A partir de ese postulado, si bien, la interposición de la queja constitucional no se encuentra sometida a un plazo legal, por vía jurisprudencial se ha definido que la inmediatez es un principio consustancial a la protección que brinda la acción, que debe regir su ejercicio y, en tal contexto, la petición de amparo debe presentarse dentro de un tiempo adecuado y razonable que resulte acorde con las medidas perentorias y urgentes que demandan los derechos fundamentales cuya salvaguarda se requiere.

De esta manera, las dilaciones injustificadas para acudir a ella la inhabilitan como un mecanismo expedito para conjurar la amenaza o violación que se invoca.
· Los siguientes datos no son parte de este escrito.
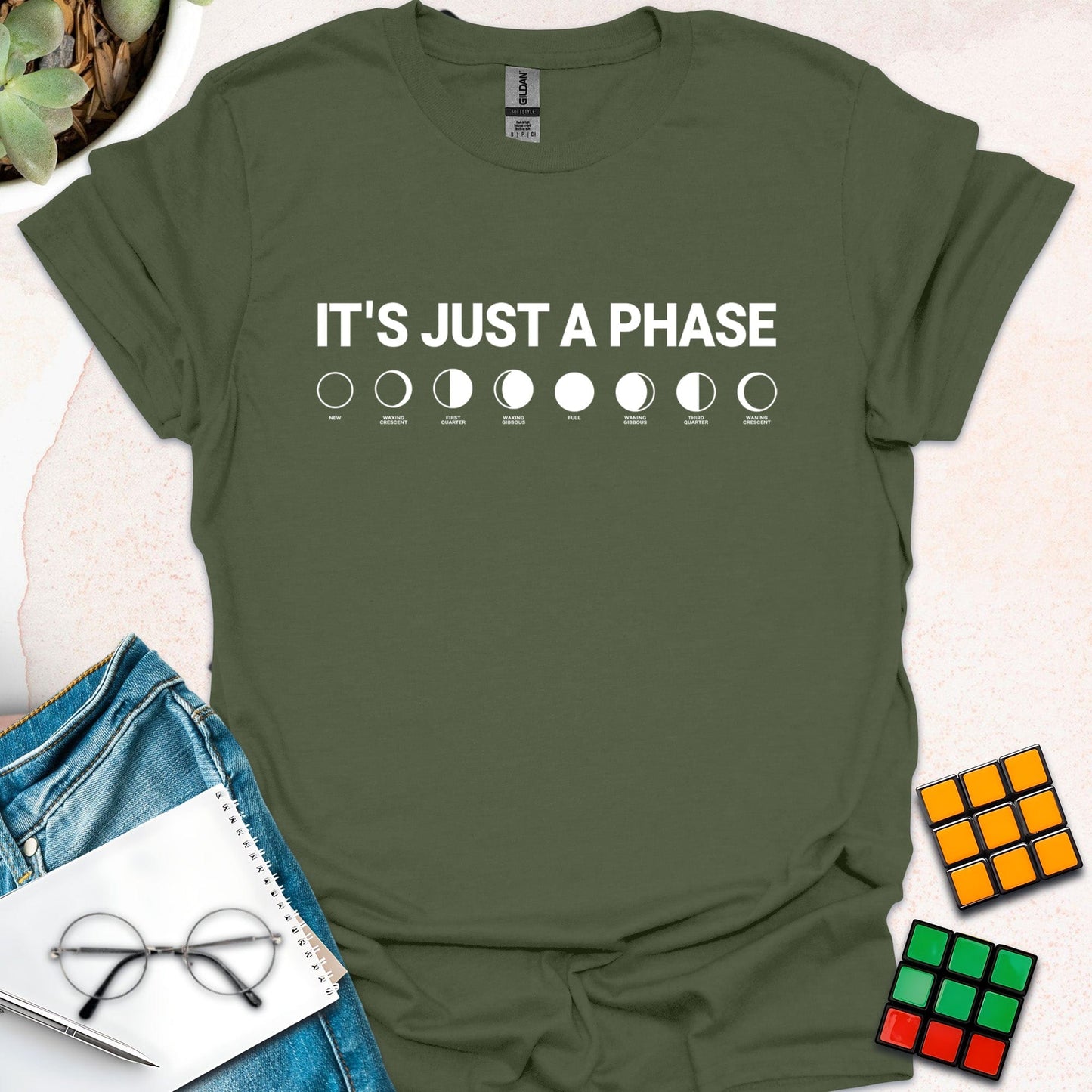 It's Just a Phase – Moon Phases Astronomy T-Shirt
Por ese motivo se encuentra sometida a un término razonable que impide su uso en cualquier momento, que es de 6 meses contados a partir de la ocurrencia de los hechos presuntamente generadores de la vulneración, como lo ha reiterado la jurisprudencia. Lo anterior resulta pertinente para decir que en el caso bajo examen no se cumple con el presupuesto de procedibilidad aludido, por cuanto, a pesar de que la accionante pretende que se deje sin valor ni efecto las sentencias emitidas dentro del proceso controvertido, la proferida por el Tribunal, que es la que habilitó la competencia de esta Sala para conocer de la acción constitucional en primera instancia, data de 5 de agosto de 2020, y la solicitud de amparo se promovió apenas el 21 de junio del año que avanza, transcurriendo sin justificación alguna más de 10 meses, término que excede el plazo prudencial que se hizo alusión previamente, por lo que se descarta la posibilidad de que exista un riesgo inminente sobre los derechos de la tutelante que amerite la adopción de las medidas urgentes por ella perseguidas.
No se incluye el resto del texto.